Number of years the current owner has been in this business.
Also do a check with the Better Business Bureau to see what, if any, complaints had been filed.
And, as always, Google is your friend -- definitely do a search for the business you are considering along with the word(s) problem, issue, complaint, praise, etc!
Pull floor tiles and compare the amount of obsolete technology-- Thicknet cables, VAX cluster interconnects, water chiller hookups, FDDI cables, etc. with the amount of space remaining.
Anything less than 4 inches of obsolete crud isn't worth excavating. Leave it a few more years.
--Joe
Find someone you trust who's already a customer. Word of mouth beats any number of white papers or studies or guarantees.
I'm assuming this is evaluating for co-location purposes. Here are some things I'd ask.
1) How quickly can I get a new server deployed into it? How do I do it?
2) Can I get a tour? Now? (Note that this not only lets you see the data centre, but also will give you an idea of security. Look for procedures on getting in, notice if they ask you to sign a release form, etc.)
3) How close to capacity are you? (The answer should include space, floor weight, power, cooling, and network.
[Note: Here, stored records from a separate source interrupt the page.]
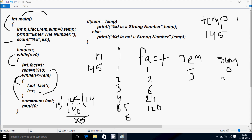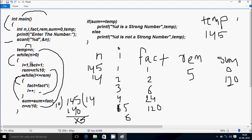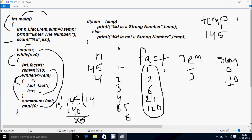Control comes to sum = sum + fact. Sum value is 0, fact is 120, so sum becomes 120. Here after n = n / 10, so 145 / 10 — n becomes 14. From here control goes back to check the condition: 14 greater than 0 — true. So i becomes 1, fact becomes 1, and rem = n mod 10 = 14 mod 10, so rem becomes 4.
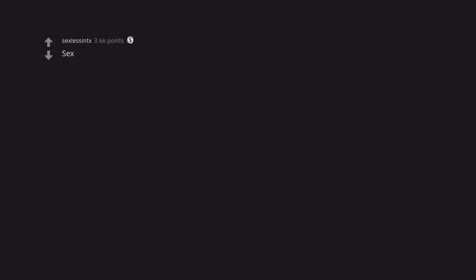Sex. Hit me up, I got brand new crocs for the occasion.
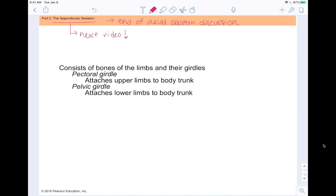That is the end of our axial skeleton discussion. The next video will cover the appendicular skeleton — how your arms and legs attach to the trunk of your body, which makes up the axial skeleton. Thanks for sticking with me, and have a great day.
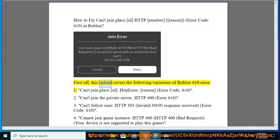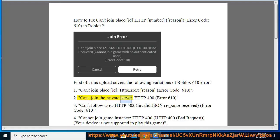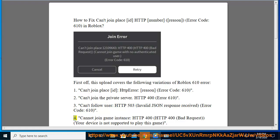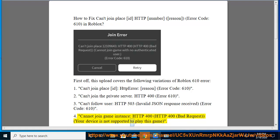This video covers the following variations of the Roblox 610 error: 1. Can't join place ID, HTTP error, reason error code 610. 2. Can't join the private server, HTTP 400, error 610. 3. Can't follow user, HTTP 500, invalid JSON response received, error code 610. 4. Cannot join game instance, HTTP 400 bad request, your device is not supported to play this game.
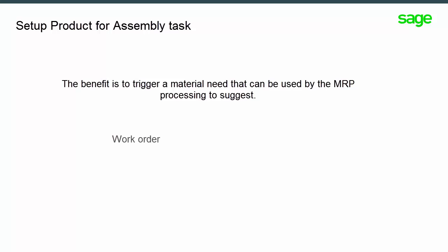This is done to trigger a material requirement that can be used by the MRP processing system to suggest a work order or a purchase order. You only identify the parent product expected to be delivered without specifying the components. The production bill of material will ensure that the correct components will be involved in the work order or assembly process. First select a task requiring material.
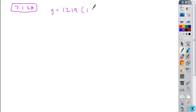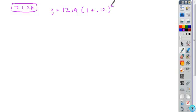1219, times 1, so are we dealing with growth or decay here? It's an increase, so we're going to add, and then it says 12%, so the decimal form of 12% is 0.12, and it's to the power of some variable t.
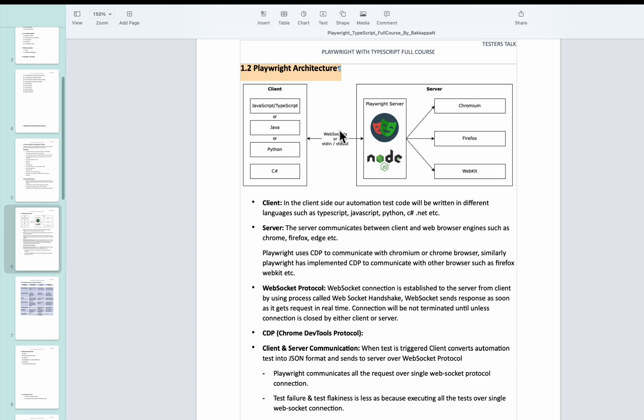So this is responsible for establishing the connection between the client and Playwright Node.js server.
If it doesn't, why not?)
4) What are your racking/networking/cabling standards? (They should have some, at least where you connect to them, but they shouldn't be onerous).
5) How many people manage the data centre? You don't want to be one car accident away from loss of access or service.
6) How about power management? Is the centre on a UPS, redundant UPSes, or nothing? Can you get charts of the power going to the servers? Can you get DC for telecom servers, or only AC? Is it on a generator for long-term outages? (Note that you may not need this--in which case you shouldn't pay for it. Alternatively, if you need it, make sure it's there!)
7) Is it manned 24/7? (Ditto!)
If you can, ask them to pull a tile so you can see under the raised floor. Underfloor cabling (and suspended ceiling cabling for that matter) should be neat, tied, and labelled. Dead cables should be pulled, not left to rot. There has to be sufficient clearance for unrestricted airflow. Cages are better than lying on the floor.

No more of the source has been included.